EXERCISE AIM: Beginning with the line that contains "mapa Persianas Barcelona", extract each line through the end of the listing below, with no additions or omissions.

DATA RECORDS:
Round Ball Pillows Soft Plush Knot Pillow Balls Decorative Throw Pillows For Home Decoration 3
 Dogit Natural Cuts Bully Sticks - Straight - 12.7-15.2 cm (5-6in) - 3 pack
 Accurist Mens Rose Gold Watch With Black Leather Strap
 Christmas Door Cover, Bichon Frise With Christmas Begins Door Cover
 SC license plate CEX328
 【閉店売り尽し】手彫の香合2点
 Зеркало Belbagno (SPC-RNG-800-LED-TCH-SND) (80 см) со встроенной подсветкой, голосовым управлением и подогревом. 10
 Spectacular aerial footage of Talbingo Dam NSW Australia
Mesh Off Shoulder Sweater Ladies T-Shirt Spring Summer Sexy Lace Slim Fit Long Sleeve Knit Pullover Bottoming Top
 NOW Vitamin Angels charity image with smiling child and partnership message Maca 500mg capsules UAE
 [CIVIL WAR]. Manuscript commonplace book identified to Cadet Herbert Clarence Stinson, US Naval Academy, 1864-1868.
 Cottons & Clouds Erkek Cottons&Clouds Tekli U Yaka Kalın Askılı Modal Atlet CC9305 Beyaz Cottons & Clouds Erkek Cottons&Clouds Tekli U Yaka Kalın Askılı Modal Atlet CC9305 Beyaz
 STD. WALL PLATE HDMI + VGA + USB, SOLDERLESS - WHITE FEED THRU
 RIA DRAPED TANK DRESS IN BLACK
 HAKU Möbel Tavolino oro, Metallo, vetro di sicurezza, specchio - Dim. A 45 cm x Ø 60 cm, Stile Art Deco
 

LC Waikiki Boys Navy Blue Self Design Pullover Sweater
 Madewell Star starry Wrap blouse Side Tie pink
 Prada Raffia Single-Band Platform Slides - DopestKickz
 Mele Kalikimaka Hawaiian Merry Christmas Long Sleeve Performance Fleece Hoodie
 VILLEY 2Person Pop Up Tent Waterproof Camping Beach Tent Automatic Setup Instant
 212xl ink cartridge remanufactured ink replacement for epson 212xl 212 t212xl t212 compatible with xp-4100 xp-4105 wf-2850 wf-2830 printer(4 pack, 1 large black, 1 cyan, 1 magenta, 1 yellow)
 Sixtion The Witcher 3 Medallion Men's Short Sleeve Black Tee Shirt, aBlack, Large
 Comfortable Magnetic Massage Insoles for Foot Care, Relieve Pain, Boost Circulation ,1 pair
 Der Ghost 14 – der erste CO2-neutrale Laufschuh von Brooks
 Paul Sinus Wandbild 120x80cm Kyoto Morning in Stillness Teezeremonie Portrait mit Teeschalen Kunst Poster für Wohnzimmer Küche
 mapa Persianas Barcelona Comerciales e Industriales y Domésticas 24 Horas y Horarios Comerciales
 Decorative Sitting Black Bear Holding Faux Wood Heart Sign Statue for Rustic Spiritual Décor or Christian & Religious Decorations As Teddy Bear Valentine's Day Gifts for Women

TASK RESULT:
 mapa Persianas Barcelona Comerciales e Industriales y Domésticas 24 Horas y Horarios Comerciales
 Decorative Sitting Black Bear Holding Faux Wood Heart Sign Statue for Rustic Spiritual Décor or Christian & Religious Decorations As Teddy Bear Valentine's Day Gifts for Women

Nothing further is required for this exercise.